Mais l’ensemble est par trop rigide. L’accolement sans grâce des trois figures exagère la répartition des masses et, n’était la main avancée par la figure centrale, le morceau serait sans profondeur aucune; la perspective y manque. En dépit de cette apparence un peu fruste, force est d’admettre que le mouvement est habilement saisi, l’expression parfaitement rendue. La figure de senestre, en particulier, est finement exécutée. Le nuancier y est restreint: chair, beige, bistre, rehaussé d’un éclat d’or qui contraste plus qu’il ne tranche avec l’ensemble des valeurs.
Au visage, le surplis de la chevelure accompagne la douceur du trois-quarts sans nuire à la frontalité du corps que rompt doucement l’orientation du regard vers la figure centrale. Celle-ci, d’un trois-quarts opposé, joue sur les contrastes du noir de la veste et de la cravate avec le blanc de la chemise, que l’on peut supposer légèrement bleutée; comme le collier d’or, le bouton de manchette, bien que non apparent, indique la qualité du personnage. La figure est représentée au moment où elle parle, la bouche entrouverte, la narine retroussée, les sourcils arqués, aigus.
A destre enfin, une figure plus grande, rappelant le trois-quarts de la figure centrale avec laquelle il partage les valeurs chromatiques du costume, bien que la cravate soit d’un bleu obscur. Les bras croisés rendent visibles la montre et le bouton de la manchette. L’expression du visage est contrite plus que soucieuse, la moue coléreuse, et les joues ainsi que le front fortement rougis. On ne peut que regretter enfin que l’œuvre soit si malhabilement datée par un cartouche excessif et balourd, bévue augmentée de l’indication de lieu, précision d’ordinaire réservée à la lettre.

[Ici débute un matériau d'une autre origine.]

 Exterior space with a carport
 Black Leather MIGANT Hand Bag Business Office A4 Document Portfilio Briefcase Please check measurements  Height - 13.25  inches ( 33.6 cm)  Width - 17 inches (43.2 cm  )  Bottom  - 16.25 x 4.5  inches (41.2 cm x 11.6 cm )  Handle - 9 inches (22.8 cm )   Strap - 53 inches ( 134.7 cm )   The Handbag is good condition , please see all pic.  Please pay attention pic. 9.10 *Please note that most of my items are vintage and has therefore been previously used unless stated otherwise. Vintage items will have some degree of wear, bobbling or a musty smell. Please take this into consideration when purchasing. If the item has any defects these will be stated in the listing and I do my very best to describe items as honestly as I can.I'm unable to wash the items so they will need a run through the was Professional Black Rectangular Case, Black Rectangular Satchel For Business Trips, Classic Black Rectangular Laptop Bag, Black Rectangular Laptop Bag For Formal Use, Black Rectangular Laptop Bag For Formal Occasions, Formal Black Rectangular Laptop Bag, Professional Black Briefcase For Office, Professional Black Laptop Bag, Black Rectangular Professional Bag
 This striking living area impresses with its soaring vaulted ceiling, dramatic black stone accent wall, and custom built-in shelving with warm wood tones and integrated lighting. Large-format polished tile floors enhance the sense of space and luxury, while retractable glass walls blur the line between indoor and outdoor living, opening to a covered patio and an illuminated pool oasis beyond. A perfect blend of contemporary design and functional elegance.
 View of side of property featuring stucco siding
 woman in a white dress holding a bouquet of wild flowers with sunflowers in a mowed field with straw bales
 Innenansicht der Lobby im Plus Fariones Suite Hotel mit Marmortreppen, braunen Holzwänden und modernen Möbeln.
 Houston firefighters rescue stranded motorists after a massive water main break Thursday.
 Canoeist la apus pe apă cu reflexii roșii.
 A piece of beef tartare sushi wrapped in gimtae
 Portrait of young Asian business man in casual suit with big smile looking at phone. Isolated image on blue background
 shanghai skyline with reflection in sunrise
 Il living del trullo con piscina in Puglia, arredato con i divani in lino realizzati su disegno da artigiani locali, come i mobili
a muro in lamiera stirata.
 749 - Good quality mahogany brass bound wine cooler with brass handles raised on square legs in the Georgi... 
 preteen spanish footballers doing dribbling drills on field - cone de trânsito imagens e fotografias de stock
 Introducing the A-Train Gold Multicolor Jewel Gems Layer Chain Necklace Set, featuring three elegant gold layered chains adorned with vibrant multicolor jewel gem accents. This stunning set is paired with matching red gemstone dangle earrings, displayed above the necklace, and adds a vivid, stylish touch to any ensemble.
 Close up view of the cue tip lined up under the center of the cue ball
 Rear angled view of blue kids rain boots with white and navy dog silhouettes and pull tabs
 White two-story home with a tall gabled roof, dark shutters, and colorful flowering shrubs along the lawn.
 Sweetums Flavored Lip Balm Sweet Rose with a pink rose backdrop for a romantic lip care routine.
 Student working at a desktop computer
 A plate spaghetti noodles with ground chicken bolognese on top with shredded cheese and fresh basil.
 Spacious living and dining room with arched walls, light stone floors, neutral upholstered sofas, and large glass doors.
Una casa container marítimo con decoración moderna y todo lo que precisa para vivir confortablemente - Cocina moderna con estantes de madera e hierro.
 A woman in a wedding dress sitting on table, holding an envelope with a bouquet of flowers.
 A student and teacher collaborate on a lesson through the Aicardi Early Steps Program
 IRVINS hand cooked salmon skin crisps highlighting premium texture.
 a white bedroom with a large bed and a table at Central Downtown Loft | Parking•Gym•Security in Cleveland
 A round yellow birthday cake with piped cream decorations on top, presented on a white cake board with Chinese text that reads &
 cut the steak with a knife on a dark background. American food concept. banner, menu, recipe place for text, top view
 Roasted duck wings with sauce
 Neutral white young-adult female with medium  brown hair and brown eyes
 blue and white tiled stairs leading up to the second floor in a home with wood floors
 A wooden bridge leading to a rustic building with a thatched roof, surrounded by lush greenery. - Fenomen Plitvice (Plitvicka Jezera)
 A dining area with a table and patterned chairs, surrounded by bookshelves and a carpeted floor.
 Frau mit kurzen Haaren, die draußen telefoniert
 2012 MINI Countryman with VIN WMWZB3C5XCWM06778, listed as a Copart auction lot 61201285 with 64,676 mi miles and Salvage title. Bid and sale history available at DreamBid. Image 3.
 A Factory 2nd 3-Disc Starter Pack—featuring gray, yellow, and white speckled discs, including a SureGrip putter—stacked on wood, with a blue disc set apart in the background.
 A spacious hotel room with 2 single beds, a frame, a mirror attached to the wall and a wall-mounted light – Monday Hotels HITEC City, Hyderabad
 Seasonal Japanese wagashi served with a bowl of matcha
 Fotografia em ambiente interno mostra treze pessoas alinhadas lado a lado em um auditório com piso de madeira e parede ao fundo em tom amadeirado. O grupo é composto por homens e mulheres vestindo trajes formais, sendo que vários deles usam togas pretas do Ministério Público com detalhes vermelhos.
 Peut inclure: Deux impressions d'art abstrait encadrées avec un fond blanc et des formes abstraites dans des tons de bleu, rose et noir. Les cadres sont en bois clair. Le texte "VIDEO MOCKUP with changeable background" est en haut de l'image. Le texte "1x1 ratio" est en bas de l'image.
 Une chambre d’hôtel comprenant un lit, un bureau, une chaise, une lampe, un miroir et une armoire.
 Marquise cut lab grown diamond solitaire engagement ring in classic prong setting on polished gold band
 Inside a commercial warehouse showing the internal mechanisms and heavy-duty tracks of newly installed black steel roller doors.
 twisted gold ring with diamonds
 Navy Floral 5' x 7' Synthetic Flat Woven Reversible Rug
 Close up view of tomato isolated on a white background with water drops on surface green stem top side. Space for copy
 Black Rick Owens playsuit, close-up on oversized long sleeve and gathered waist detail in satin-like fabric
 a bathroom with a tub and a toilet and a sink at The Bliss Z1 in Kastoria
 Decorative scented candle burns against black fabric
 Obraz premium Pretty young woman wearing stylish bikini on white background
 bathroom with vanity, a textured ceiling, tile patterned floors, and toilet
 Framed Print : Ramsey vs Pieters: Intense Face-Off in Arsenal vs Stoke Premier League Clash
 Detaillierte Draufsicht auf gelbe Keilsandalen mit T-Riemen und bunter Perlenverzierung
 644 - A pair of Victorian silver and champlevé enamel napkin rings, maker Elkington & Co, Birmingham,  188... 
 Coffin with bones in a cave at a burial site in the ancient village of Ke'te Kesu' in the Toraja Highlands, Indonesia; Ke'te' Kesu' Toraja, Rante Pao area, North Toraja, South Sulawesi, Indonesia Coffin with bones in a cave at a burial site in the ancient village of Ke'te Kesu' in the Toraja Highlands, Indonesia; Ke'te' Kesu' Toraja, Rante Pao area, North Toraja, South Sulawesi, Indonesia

On sait qu’une image, chacun des éléments de cette image, est tout entière formée de symboles et d’allégories. C’est pourquoi l’on éprouve parfois quelque difficulté à en saisir le sens. La littérature afférente à cette image est par trop abondante pour que l’on en puisse en faire ici état. A défaut donc d’exhaustivité, on avancera seulement qu’il s’agit de la représentation de hauts membres de l’Etat français au cours d’une allocution officielle. On balance cependant à savoir si la scène revêt un caractère historique ou contingent, reste qu’il s’en dégage un malaise certain.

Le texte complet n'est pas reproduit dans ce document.